All Silver Fern Farms meat were temporarily removed from an Auckland supermarket after the product was targeted by thieves.
Countdown at Sylvia Park put up a sign earlier this week telling its customers that Silver Fern products have been removed from the shelf and would only available by requested "due to high theft activity".
However, Countdown said the products were now back on the shelves.
"There was a one off incident in this store, where some Silver Fern Farms products were stolen. While the store investigated it, the products were temporarily taken off shelf. They have since been returned to the shelf, and are available for our customers," a Countdown spokesperson said.
Corned beef had also been taken off the shelves at rival Pak'nSave at Sylvia Park because it was being stolen.
"Meat, like any other high value product, is targeted by shoplifters across our stores.
"Corned beef has been targeted by thieves in the past, but the team at Pak'nSave Sylvia Park say this is not an issue at present and the product is on the shelf as normal," Foodstuffs spokeswoman Antoinette Laird said.
Silver Fern Farms declined to be interviewed but said the Sylvia Park theft was a one-off and "had very little impact".
Meat is one of the most stolen items in grocery stores and it was being stolen by organised crime groups, crime prevention software company Auror said.

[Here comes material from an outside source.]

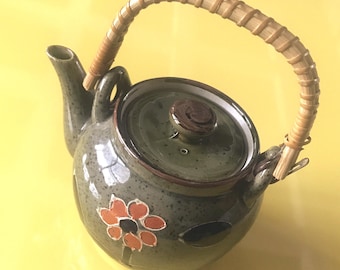 Hand Painted Orange Floral & Leaf Motif Vintage Japanese Style Stoneware Teapot with Rattan Handle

"The theft of meat comes in quite high quantities. It's not for feeding, it's for on-selling quickly on black markets," Auror chief executive Phil Thomson said.

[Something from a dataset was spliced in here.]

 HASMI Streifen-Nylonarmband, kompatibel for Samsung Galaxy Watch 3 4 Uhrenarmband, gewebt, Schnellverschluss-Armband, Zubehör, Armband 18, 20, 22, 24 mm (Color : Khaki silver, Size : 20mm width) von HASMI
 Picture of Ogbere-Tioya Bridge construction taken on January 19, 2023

Stolen meat was being sold to restaurants, pubs and dairies as well as on social media channels such as Facebook, he said.
"We're seeing it happen right across the country," he said.
Retail New Zealand figures show about $2 million worth of products were stolen from retailers each day.
Beef and Lamb chief executive Rod Slater said meat theft had always been a problem.
"I remember chasing people who had slipped meat in their bags down the road when I used to be a butcher," he said.